#### Your goal
Starting at the line below with "KYLIE JENNER Shopping" and stopping at the line with "Lot 2-76756 - Automatic", please print each line exactly, those two included, and skip every picture.

#### Material for this exercise

+++

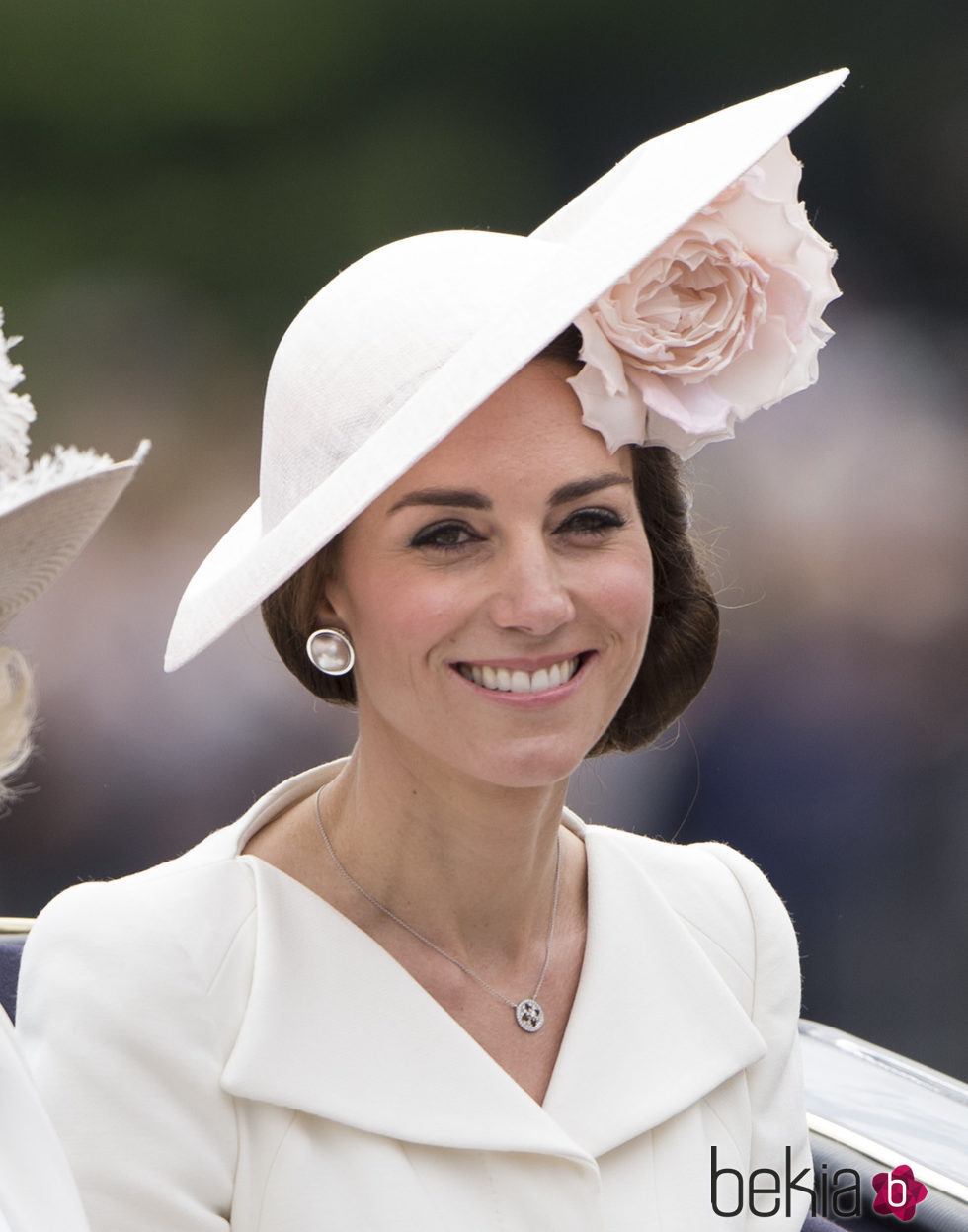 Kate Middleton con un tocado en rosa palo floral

+++

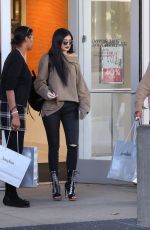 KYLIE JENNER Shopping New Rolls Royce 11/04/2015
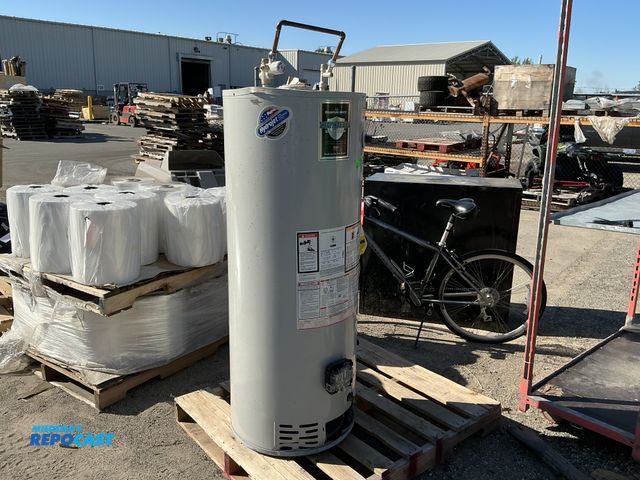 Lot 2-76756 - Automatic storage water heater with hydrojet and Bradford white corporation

+++

#### Task answer
 KYLIE JENNER Shopping New Rolls Royce 11/04/2015
 Lot 2-76756 - Automatic storage water heater with hydrojet and Bradford white corporation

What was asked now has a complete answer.